-------- Data for this exercise
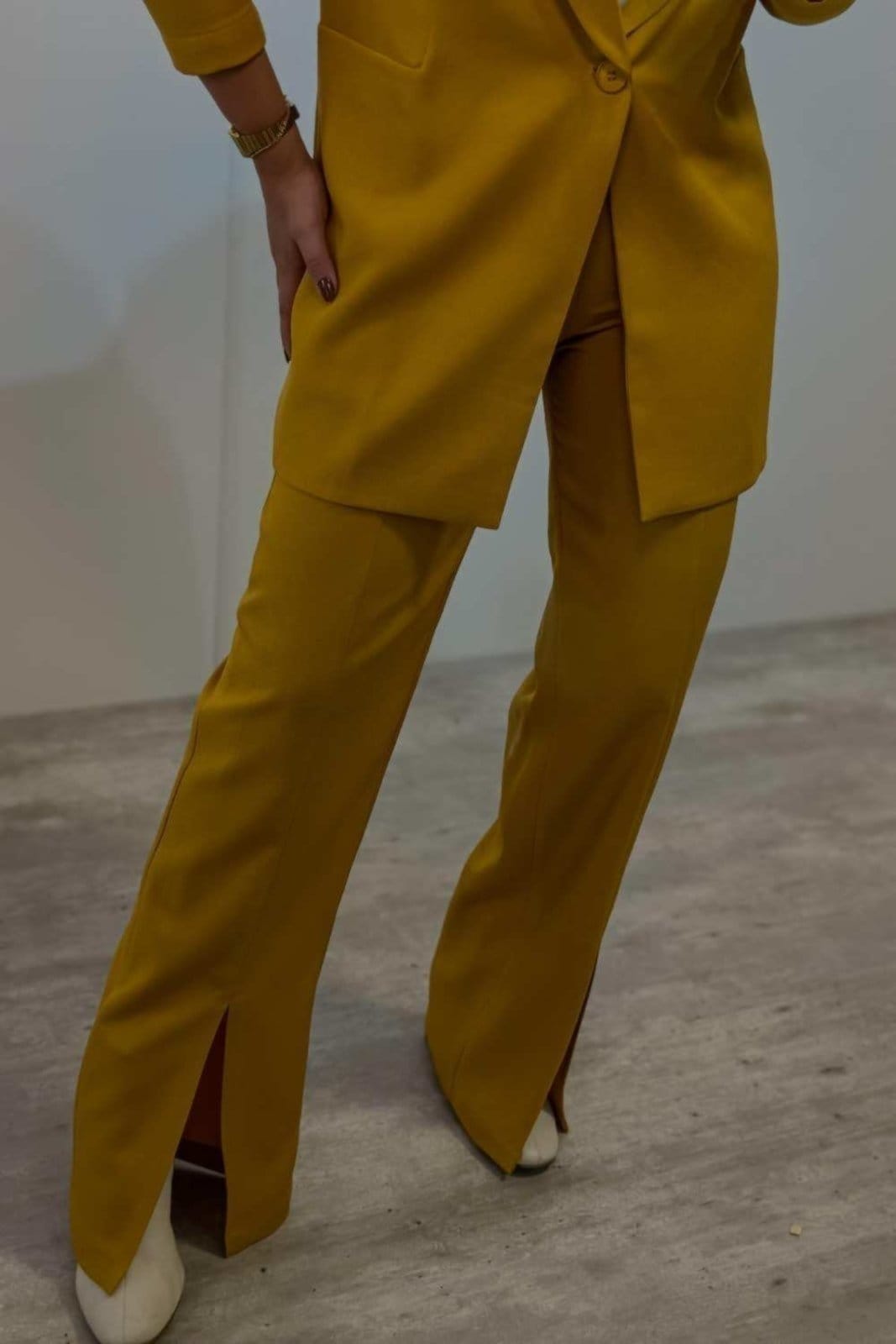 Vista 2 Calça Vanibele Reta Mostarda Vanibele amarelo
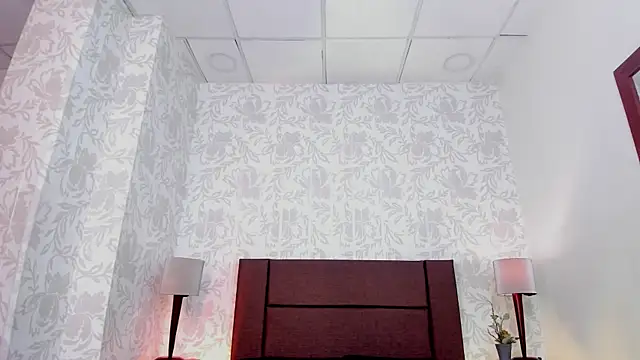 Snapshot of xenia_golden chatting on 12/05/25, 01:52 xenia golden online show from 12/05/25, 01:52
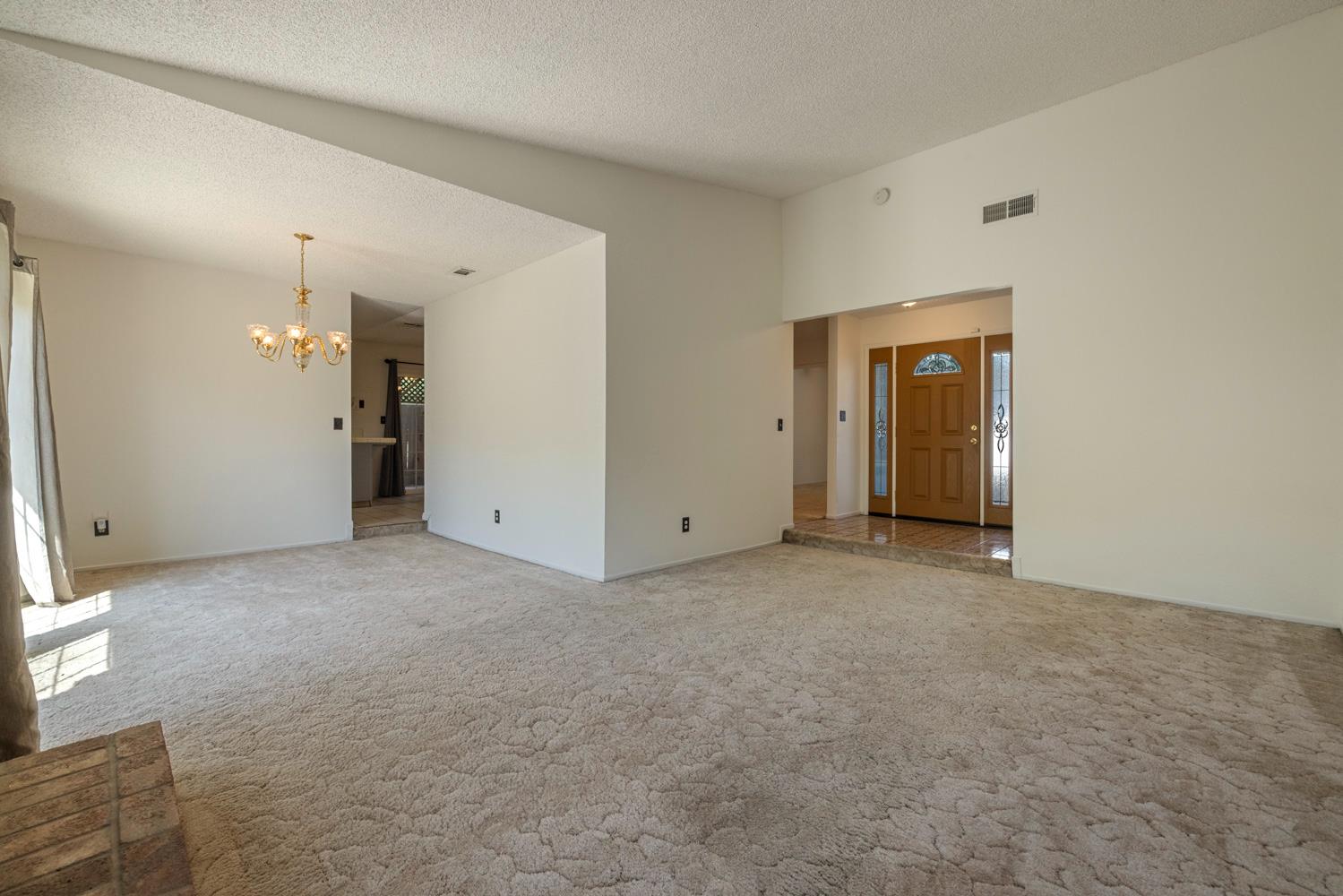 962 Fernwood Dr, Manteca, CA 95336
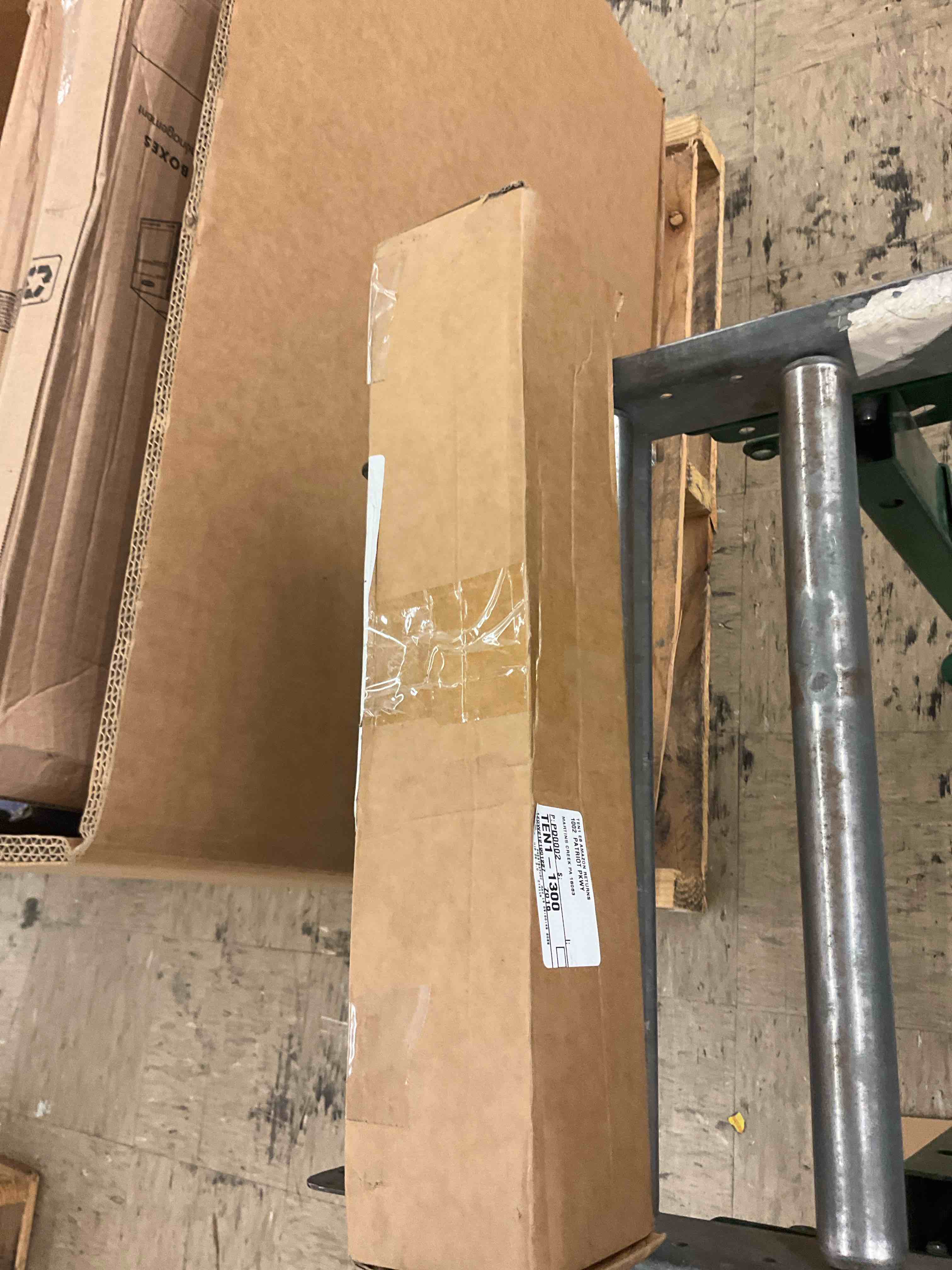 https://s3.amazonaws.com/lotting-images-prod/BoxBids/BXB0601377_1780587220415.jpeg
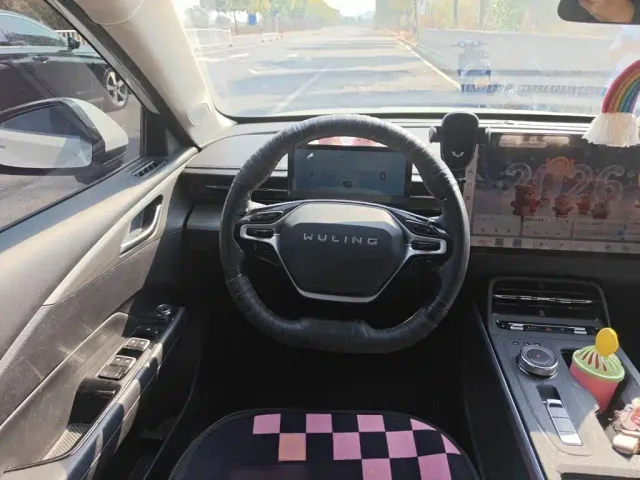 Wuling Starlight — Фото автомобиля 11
----------------
# [What the exercise asks]
Please retype the records above exactly, leaving every image out.

# [Answer section]
 Vista 2 Calça Vanibele Reta Mostarda Vanibele amarelo
 Snapshot of xenia_golden chatting on 12/05/25, 01:52 xenia golden online show from 12/05/25, 01:52
 962 Fernwood Dr, Manteca, CA 95336
 https://s3.amazonaws.com/lotting-images-prod/BoxBids/BXB0601377_1780587220415.jpeg
 Wuling Starlight — Фото автомобиля 11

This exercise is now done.